41.5 torch.compile Mistakes

Graph breaks from Python side effects: print(), logging, and breakpoint() inside compiled functions cause graph breaks that prevent optimization. Remove them or guard with if not torch.compiler.is_compiling():.

Saving compiled models with torch.save: model.state_dict() saves only weights, not the compiled graph. Use torch._inductor.config.fx_graph_cache = True for persistent caching or torch.export() for deployment. See ?sec-torch-compile.

Variable shapes causing recompilation: Each new input shape triggers recompilation. Use torch.compile(dynamic=True) or pad inputs to consistent sizes.

41.6 Algorithm-Specific Mistakes

FlashAttention memory isn’t O(n): FlashAttention’s HBM access is O(n²d²/M), not O(nd). K and V are loaded once per Q-tile. The memory output is O(n), but the IO traffic depends on SRAM size M. See ?sec-flash-attention.

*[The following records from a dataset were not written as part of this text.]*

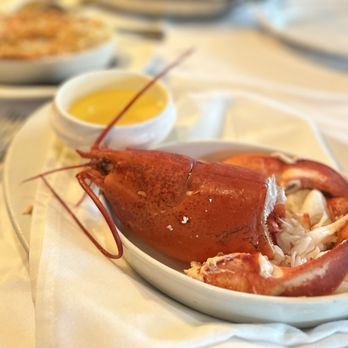 Abe & Louie's Boca Raton - Maine Lobster - Steakhouses Near Me - Boca Raton, Florida Abe & Louie's Boca Raton - Maine Lobster - Steakhouses Near Me - Boca Raton, Florida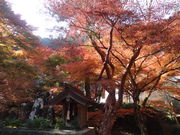 やんまあさんの小新屋観音の投稿写真1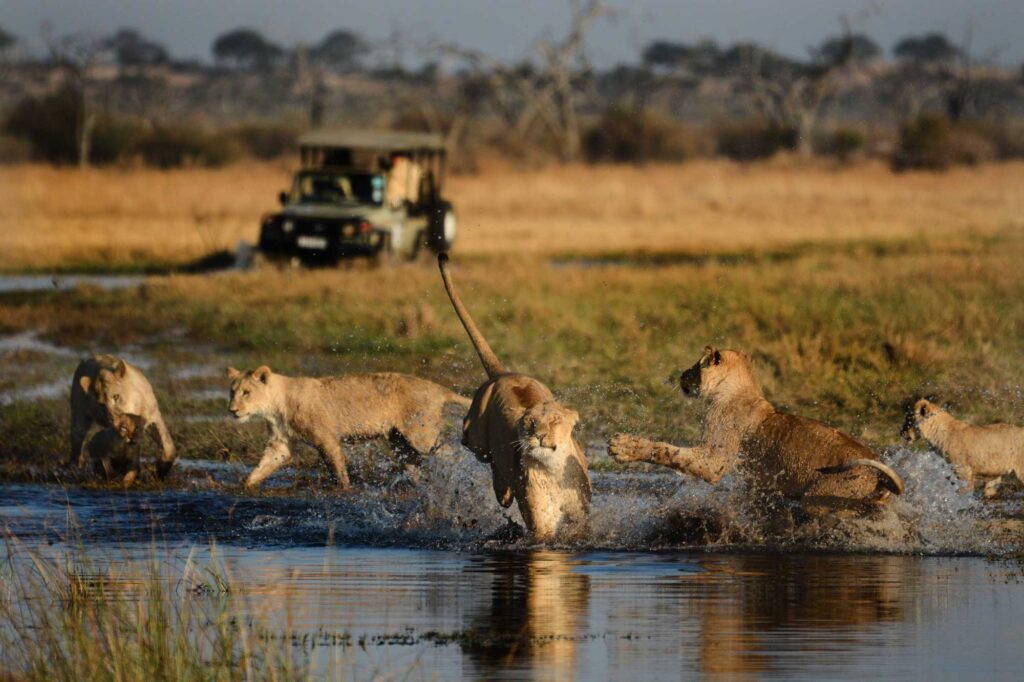 Game Viewing in Savuti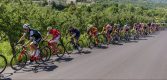 Sergio Meris wint zware vierde etappe Giro Valle d’Aosta, Darren Rafferty nieuwe leider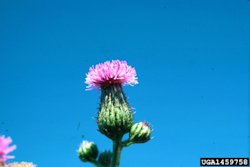 Canada Thistle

LoRA rank too low for hard tasks: Rank 8 captures 98% of performance for near-distribution tasks. For distant tasks (new languages, mathematical reasoning), much higher ranks (32-64) or full fine-tuning may be needed. See ?sec-lora.

MoE load imbalance: Without auxiliary loss terms, MoE routing collapses — all tokens route to the same expert. Always include a load-balancing loss. See ?sec-moe.

41.7 Systems Mistakes

Ignoring queueing effects: At 75% utilization, P99 latency explodes (Kingman’s formula). Plan for headroom — production systems should target 50-70% steady-state utilization. See ?sec-queueing.

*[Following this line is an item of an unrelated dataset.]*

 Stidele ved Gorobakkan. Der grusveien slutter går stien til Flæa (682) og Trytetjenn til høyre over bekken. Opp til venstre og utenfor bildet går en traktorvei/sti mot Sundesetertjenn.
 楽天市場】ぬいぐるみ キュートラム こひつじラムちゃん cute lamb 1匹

Data loading as hidden bottleneck: CPU data loading (tokenization, augmentation, disk I/O) often limits GPU throughput. Profile data loading separately with DataLoader(num_workers=N, pin_memory=True). See ?sec-production-cases.

Network assumptions for distributed training: TCP congestion control assumes competitive flows, but training flows are cooperative. Standard protocols cause collisions at synchronization points. Training-aware congestion control (MLTCP) can give 2-4× communication speedup. See ?sec-distributed.

Using This Reference

When performance disappoints:

Check measurement first: Are you measuring correctly? (Top section)
Check memory: Is OOM or fragmentation the real issue?
Match the symptom to the sections above
Return to the relevant chapter for the full explanation

This appendix is intentionally terse — it’s a checklist, not a tutorial. Each entry references the chapter with the full treatment.